S’il m’était donna aujourd’hui de résider en France et de tenter d’y faire venir certains de mes proches, soyez certains que je commencerais d’abord par les enfants de mon frère avant les miens propres.

Nul besoin de test ADN pour cela. Il suffirait tout simplement de me le demander et j’expliquerais clairement la nature de nos liens et les raisons de mon choix.
La "congènité" que le teste ADN sert à vérifier n’est obligatoire comme preuve de parenté que pour les esprits dont le sens de la famille est particulièrement atrophié et ne devrait en aucun servir de critère d’appréciation pour refuser à des Africains le droit au regroupement familial.
Je vous crois intelligent Monsieur Sarkozy puisqu’une grande partie du peuple français vous juge ainsi.

Je pense que l’intelligence d’un chef d’état doit lui commander de chercher à comprendre un peuple avec lequel il envisage de coopérer.

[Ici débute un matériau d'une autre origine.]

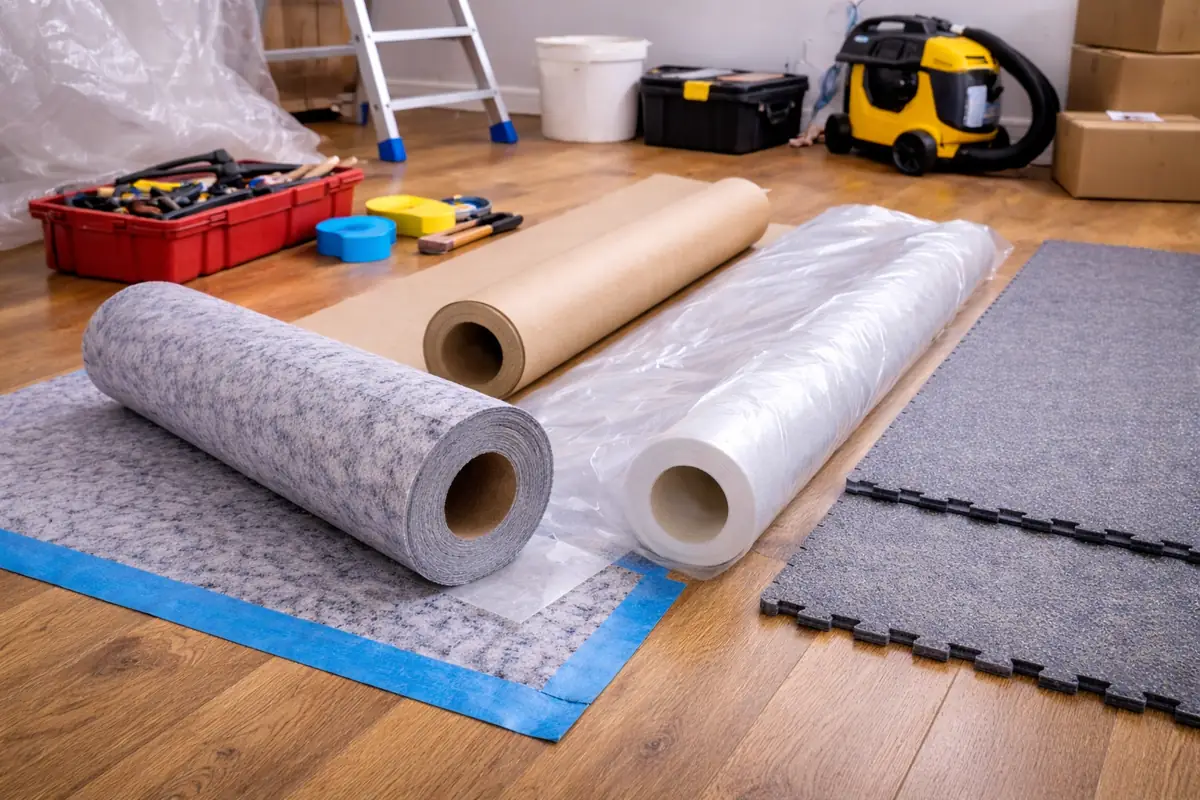 Mehrere Rollen Bodenunterlage und Schutzfolie sowie graue Bodenplatten liegen auf einem Holzfußboden, umgeben von Werkzeugkisten und Renovierungszubehör.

Ceci dit Monsieur Sarkozy, je puis affirmer sans grand risque de me tromper, que de nombreux enfants africains sont en droit de réclamer à la France des droits légitimes auxquels beaucoup de Français de souche ne devraient prétendre.
Nous connaissons l’un peu l’histoire de France et savons que bien des Français à col blanc, actuellement bien calés dans les rouages de l’administration, des finances et de l’économie de France sont de fait issus de l’immigration désordonnée, ou descendants de français de souche qui ont à certaines périodes de cette histoire, tiré ou manœuvré contre le peuple français.
Moi qui vous parle aujourd’hui, je devrais avoir plus de droits que ceux-ci. A une certaine date funeste entre les années 1914 et 1918, un fier jeune homme de la subdivision coloniale de Banamba au Soudan Français, a été engagé de force dans le corps des tirailleurs devant aller combattre les Allemands au nom de l’Empire colonial français. Il se nommait Zanké Coulibaly de la lignée directe du preux chevalier Gouinzin Coulibaly de Dimbabougou.
Avec sa peau noire d’ébène, ses cheveux crépus, ses grosses lèvres et son nez épaté, on ne devait avoir besoin d’aucun test pour prouver qu’il n’était pas Gaulois mais plutôt prince de Ségou.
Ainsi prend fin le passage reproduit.